We can use this to add another debug level to our Attribute::Handlers example. Here, debug level four (4) will print out the source of our subroutine.

Before our debug() subroutine declaration we add the following lines of code.

        use B::Deparse;
        my $deparser = B::Deparse->new;

Next, our debugging closure declaration is updated to print out the full subroutine with the DEBUG: prefix on each line.

        *{$symbol} = sub {
                warn sprintf "DEBUG[%s]: entering %s(%s)\n",
                        scalar(localtime), $name, ($level >= 3 ? "@_" : '' );
                if ( $level >= 4 ) {
                        my $sub = sprintf "sub %s %s",
                                $name, $deparser->coderef2text( $code );
                        $sub =~ s/\n/\nDEBUG: /g;
                        warn "DEBUG: $sub\n";
                }
                my @output = $code->(@_);
                if ( $level >= 2 ) {
                        warn sprintf "DEBUG[%s]: leaving %s\n",
                                scalar(localtime), $name;
                }
                return @output;
        };

The verbose debugging output looks like this.

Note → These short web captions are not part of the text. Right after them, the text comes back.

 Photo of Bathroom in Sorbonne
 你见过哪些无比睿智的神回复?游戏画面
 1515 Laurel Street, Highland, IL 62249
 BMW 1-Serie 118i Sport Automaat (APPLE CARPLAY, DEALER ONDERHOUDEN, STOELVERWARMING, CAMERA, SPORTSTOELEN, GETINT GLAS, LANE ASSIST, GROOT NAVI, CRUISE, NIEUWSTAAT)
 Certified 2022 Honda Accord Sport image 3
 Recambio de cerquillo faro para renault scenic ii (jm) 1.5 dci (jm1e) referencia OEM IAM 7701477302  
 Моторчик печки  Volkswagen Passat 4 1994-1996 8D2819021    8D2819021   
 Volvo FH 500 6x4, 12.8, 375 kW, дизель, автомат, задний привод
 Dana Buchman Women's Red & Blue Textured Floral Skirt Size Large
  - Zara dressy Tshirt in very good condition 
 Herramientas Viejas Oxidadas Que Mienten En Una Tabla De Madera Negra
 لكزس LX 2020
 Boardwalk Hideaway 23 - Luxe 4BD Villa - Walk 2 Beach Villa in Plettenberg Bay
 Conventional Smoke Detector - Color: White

        DEBUG[Wed Jun 18 12:47:22 2003]: entering main::table(Chastity Mom Casey Dad Evelina Kid)
        DEBUG: sub main::table {
        DEBUG:    BEGIN {${^WARNING_BITS} = "UUUUUUUUUUUU"}
        DEBUG:    use strict 'refs';
        DEBUG:    my(%data) = @_;
        DEBUG:    my $length = 0;
        DEBUG:    foreach $_ (keys %data) {
        DEBUG:        $length = length $_ if length $_ > $length;
        DEBUG:    }
        DEBUG:    my $output = '';
        DEBUG:    while (my($k, $v) = each %data) {
        DEBUG:        $output .= sprintf("%${length}s  %s\n", $k, $v);
        DEBUG:    }
        DEBUG:    print "\n$output";
        DEBUG:}
           Casey  Dad
        Chastity  Mom
         Evelina  Kid
        DEBUG[Wed Jun 18 12:47:22 2003]: leaving main::table

There are more methods in the B::Deparse class that you can use to muck around with the results of coderef2text(). This module is powerful and useful for debugging. I suggest you at least use the simple version if code becomes ambiguous and incomprehensible.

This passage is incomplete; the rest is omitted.